- TASK PROMPT -
Any pictures in the records below should be skipped; write out everything else exactly.

==== MATERIAL FOR THIS EXERCISE

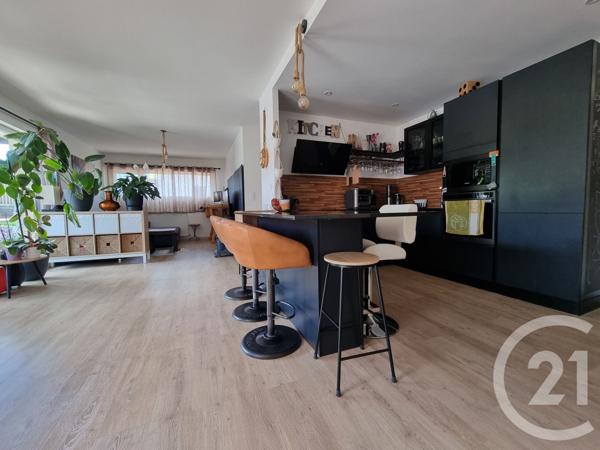 Appartement F4 à vendre  4 pièces - 97,86 m2 LES ROUSSES - 39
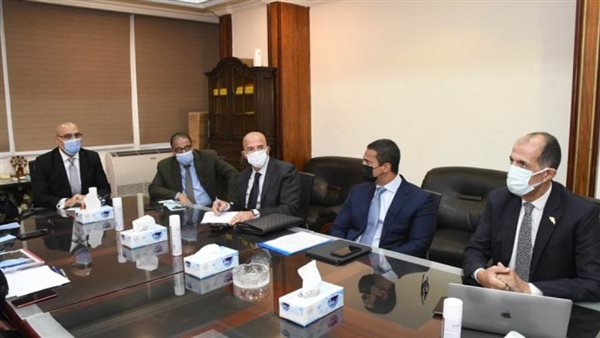 وزير الإسكان يتابع التصميمات المقترحة للواجهات بأبراج «الداون تاون» بالعلمين الجديدة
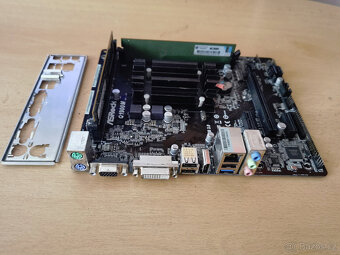 Základní deska ASRock Q1900M + 4GB DDR3 - 2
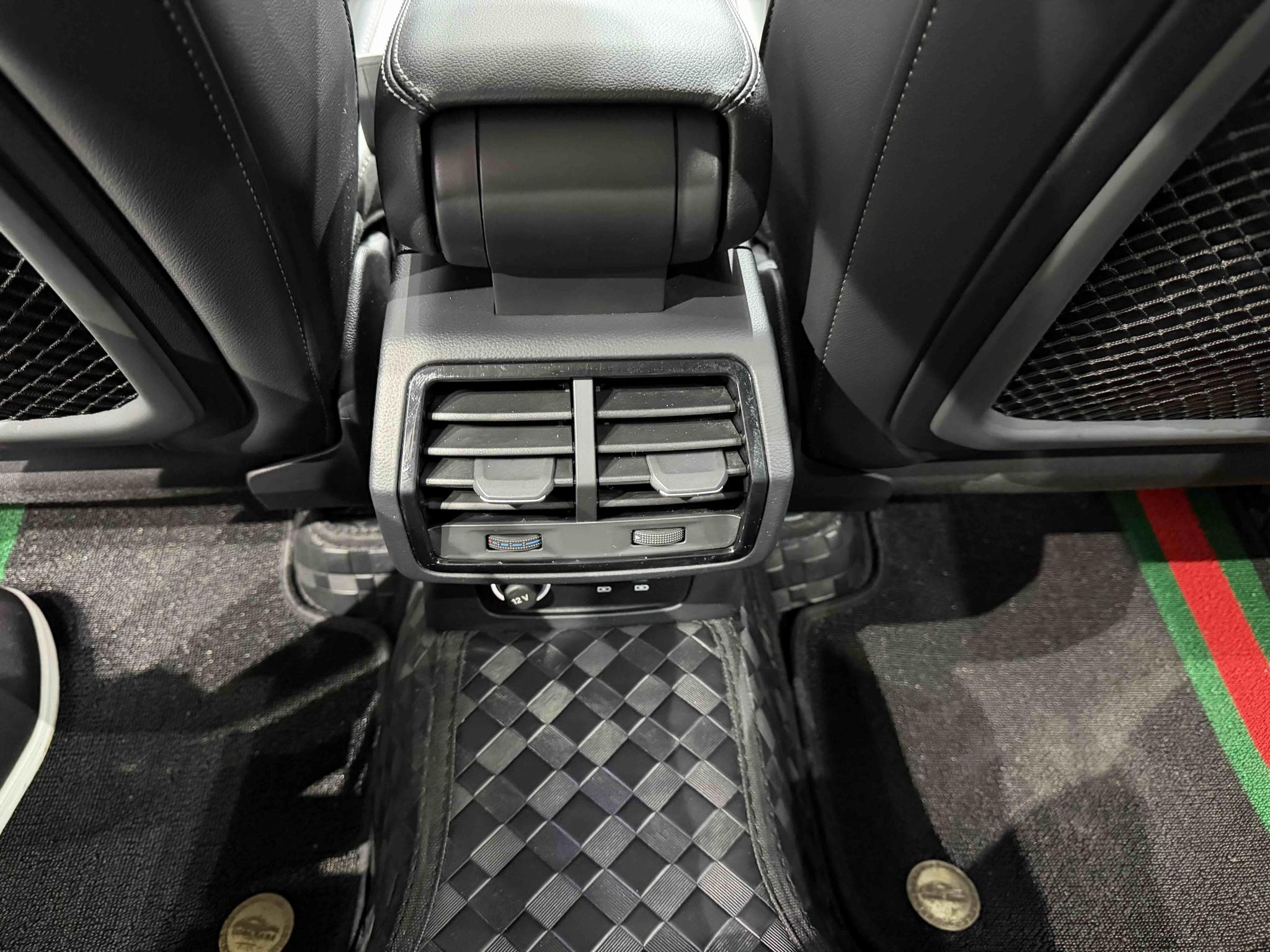 Audi Q3 2023, фото 17
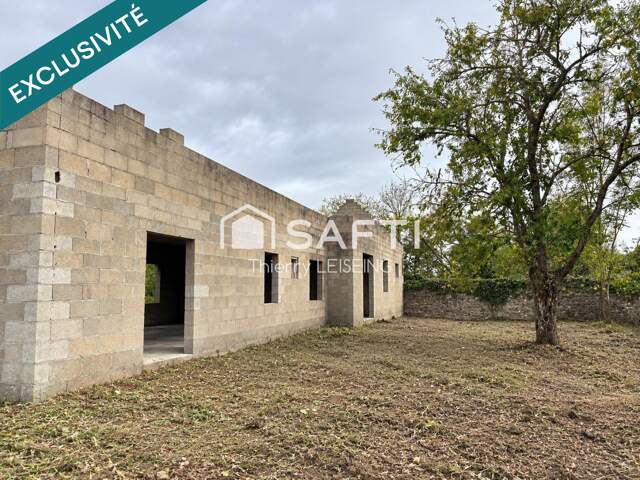 Villa de 300 m2 sur terrain de 2000 m2 avec travaux — photo du bien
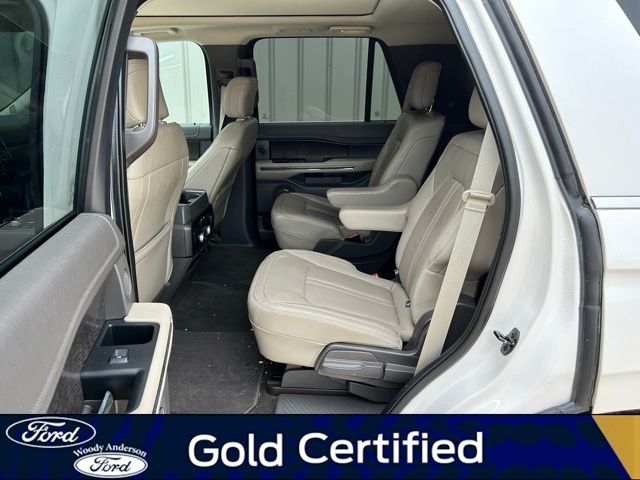 2019 Ford Expedition Limited photo 16
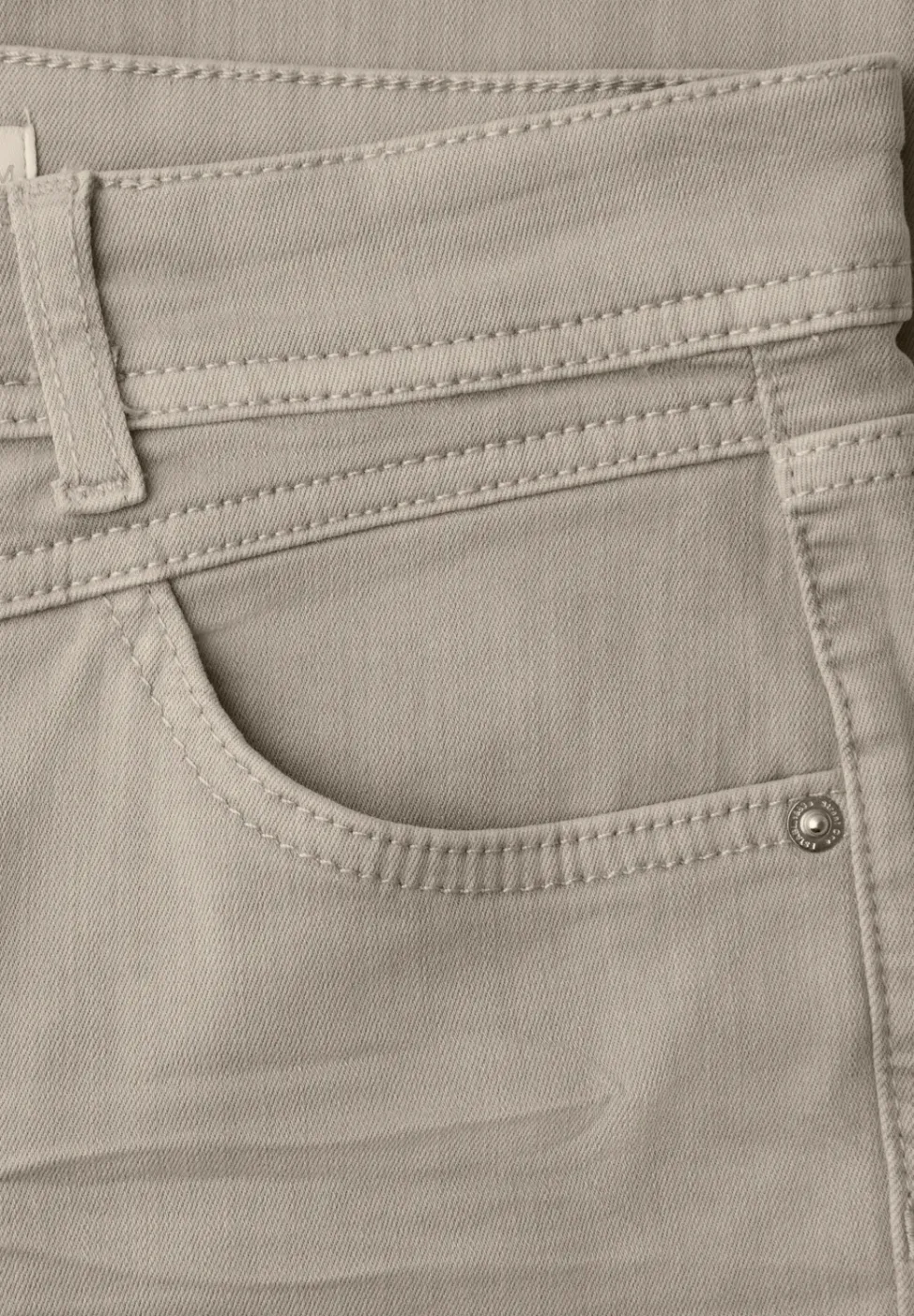 Mid Waist Slim Legs jeans in casual fit
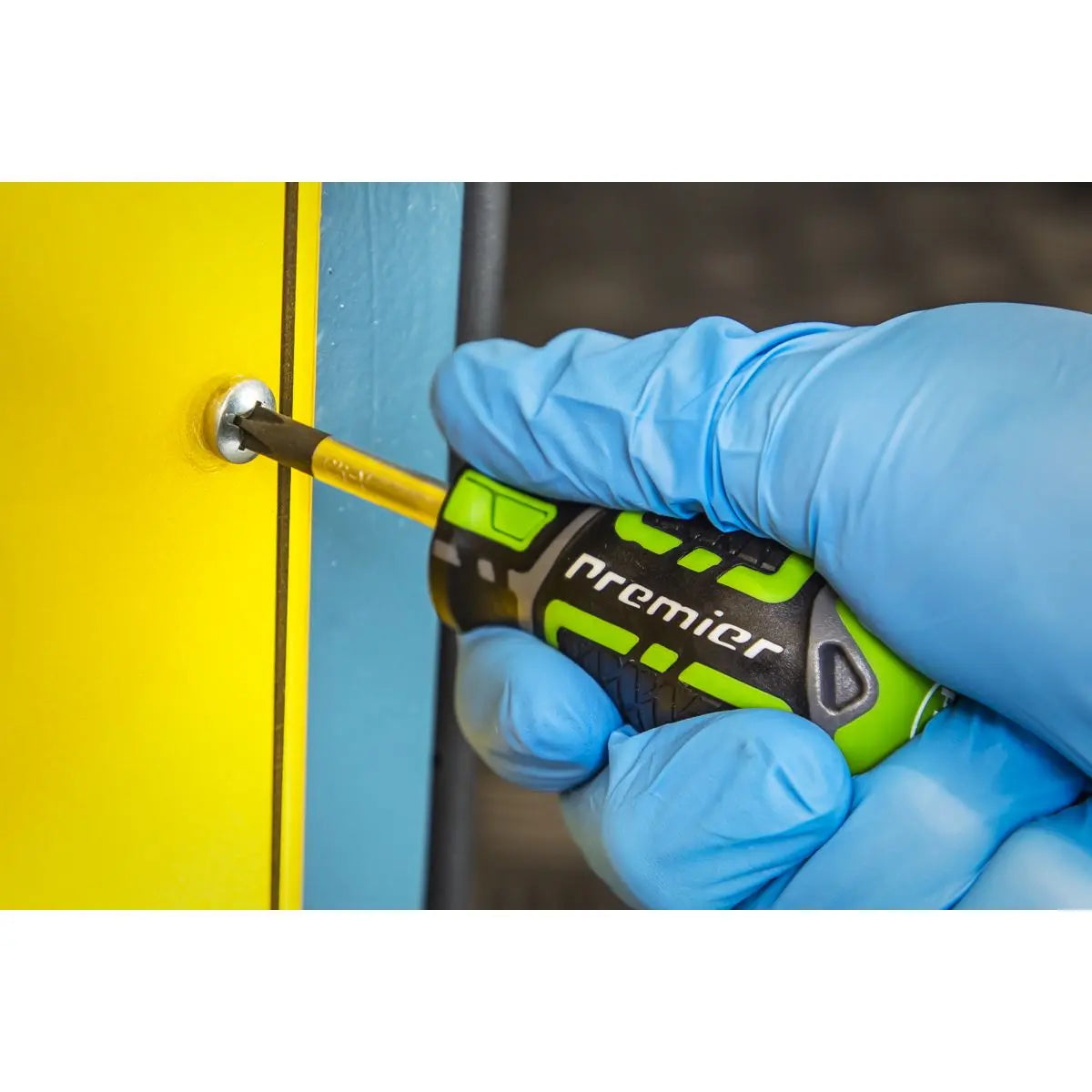 Sealey Premier Screwdriver & Bit Set 33pc GripMAX® - Hi-Vis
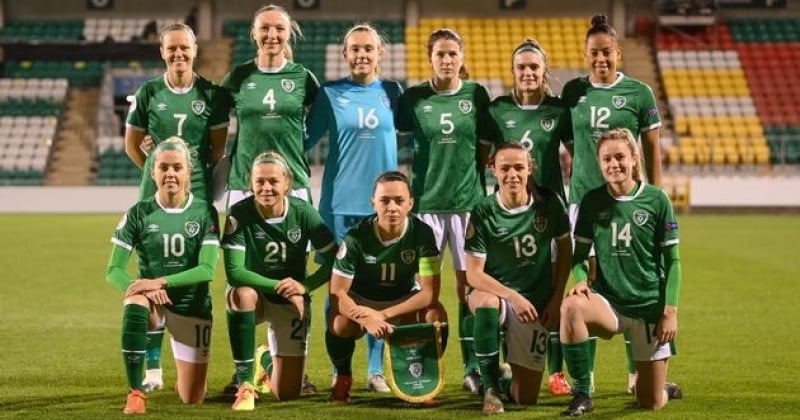 Football : l'équipe irlandaise masculine diminue le montant de ses primes pour augmenter le salaire des joueuses 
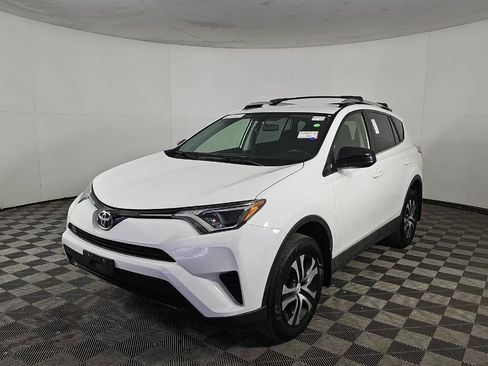 Used 2016 Toyota RAV4 LE image 1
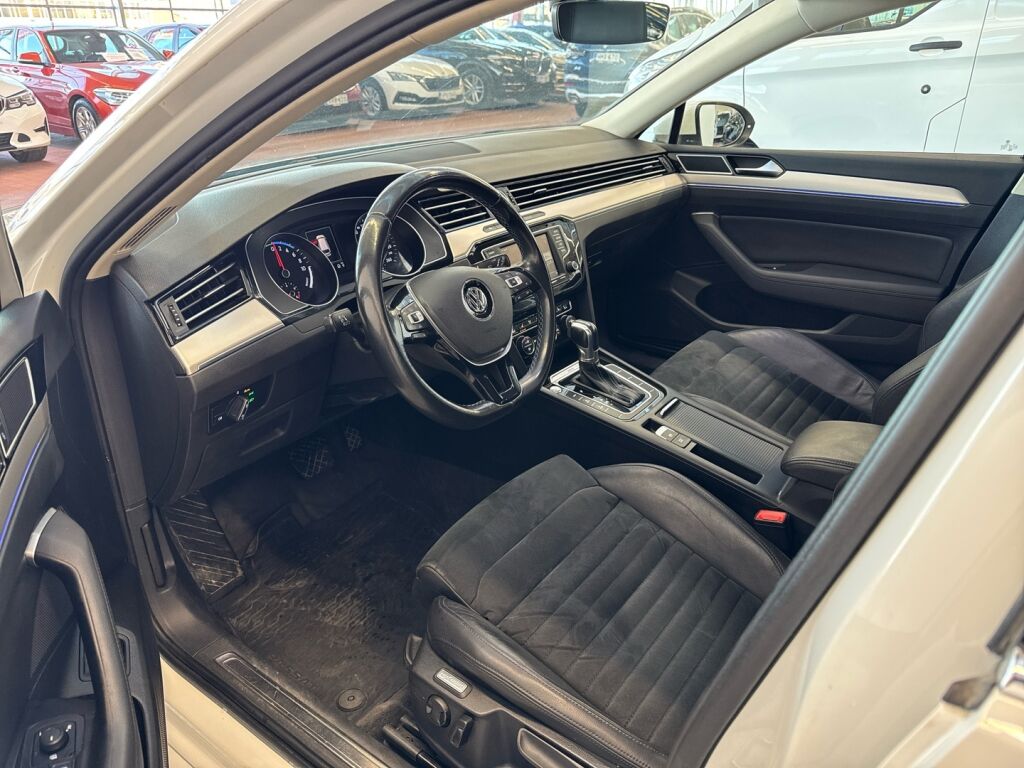 Volkswagen Passat 2016 Valkoinen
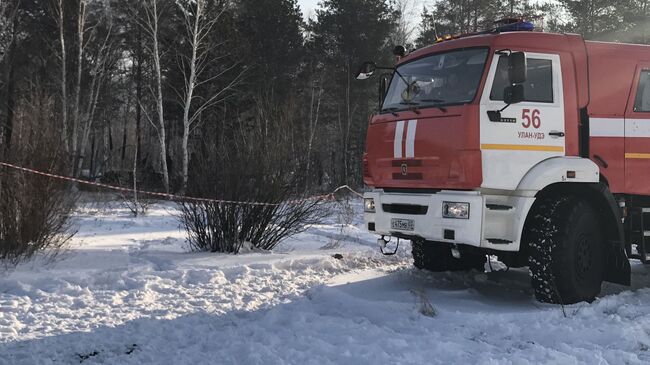 Спасатели на месте крушения частного самолета в Улан-Удэ, Бурятия. 30 декабря 2018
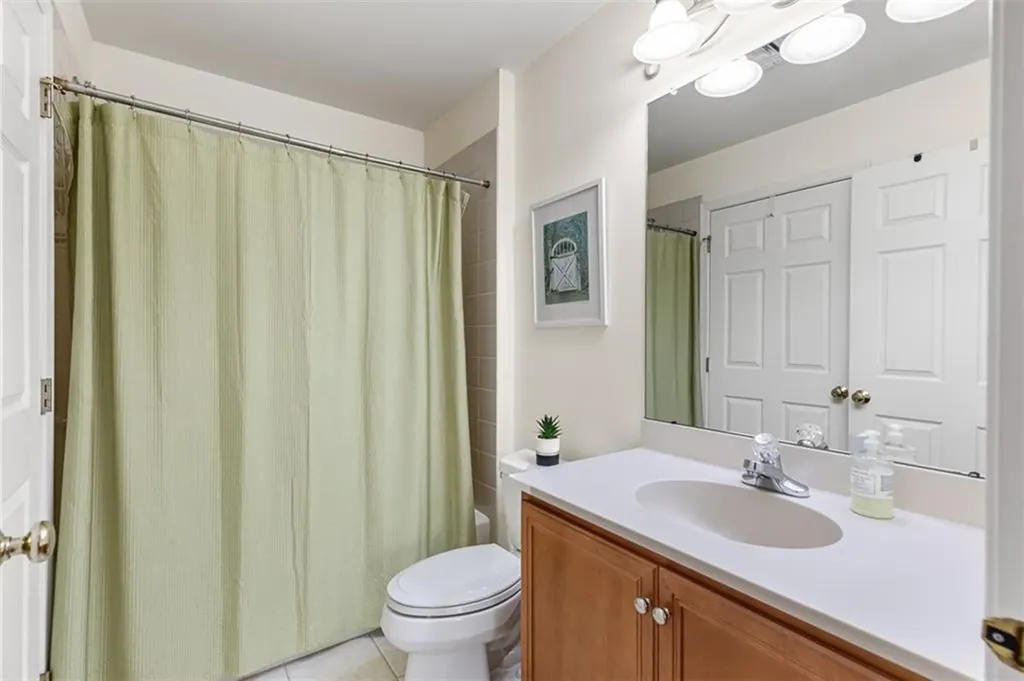 2 Seal Island Road Bristol RI 02809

========

- ANSWER TO THIS TASK -
 Appartement F4 à vendre  4 pièces - 97,86 m2 LES ROUSSES - 39
 وزير الإسكان يتابع التصميمات المقترحة للواجهات بأبراج «الداون تاون» بالعلمين الجديدة
 Základní deska ASRock Q1900M + 4GB DDR3 - 2
 Audi Q3 2023, фото 17
 Villa de 300 m2 sur terrain de 2000 m2 avec travaux — photo du bien
 2019 Ford Expedition Limited photo 16
 Mid Waist Slim Legs jeans in casual fit
 Sealey Premier Screwdriver & Bit Set 33pc GripMAX® - Hi-Vis
 Football : l'équipe irlandaise masculine diminue le montant de ses primes pour augmenter le salaire des joueuses 
 Used 2016 Toyota RAV4 LE image 1
 Volkswagen Passat 2016 Valkoinen
 Спасатели на месте крушения частного самолета в Улан-Удэ, Бурятия. 30 декабря 2018
 2 Seal Island Road Bristol RI 02809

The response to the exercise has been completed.